Agentic AI / Generative AI

Accelerating Diffusion Models with an Open, Plug-and-Play Offering

NVIDIA Research has built a new open source library called NVIDIA FastGen that unifies state-of-the-art video diffusion distillation techniques.

Recent advances in large-scale diffusion models have revolutionized generative AI across multiple domains, from image synthesis to audio generation, 3D asset creation, molecular design, and beyond. These models have demonstrated unprecedented capabilities in producing high-quality, diverse outputs across various conditional generation tasks.

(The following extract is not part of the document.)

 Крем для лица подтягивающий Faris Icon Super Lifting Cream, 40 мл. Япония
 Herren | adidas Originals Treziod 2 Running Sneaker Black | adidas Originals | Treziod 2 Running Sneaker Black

Despite these successes, sampling inefficiency remains a fundamental bottleneck. Standard diffusion models require tens to hundreds of iterative denoising steps, leading to high inference latency and substantial computational cost. This limits practical deployment in interactive applications, edge devices, and large-scale production systems.

Video generation faces an especially critical challenge. Open source models such as NVIDIA Cosmos—along with commercial text-to-video (T2V) systems —have shown remarkable text-to-video capabilities. However, video diffusion models are orders of magnitude more computationally demanding due to the temporal dimension. Generating a single video can take minutes to hours, making real-time video generation, interactive editing, and world modeling for agent training challenging.

Accelerating diffusion sampling without sacrificing quality and diversity has emerged as a key open challenge, with video generation being one of the most demanding and impactful applications to solve.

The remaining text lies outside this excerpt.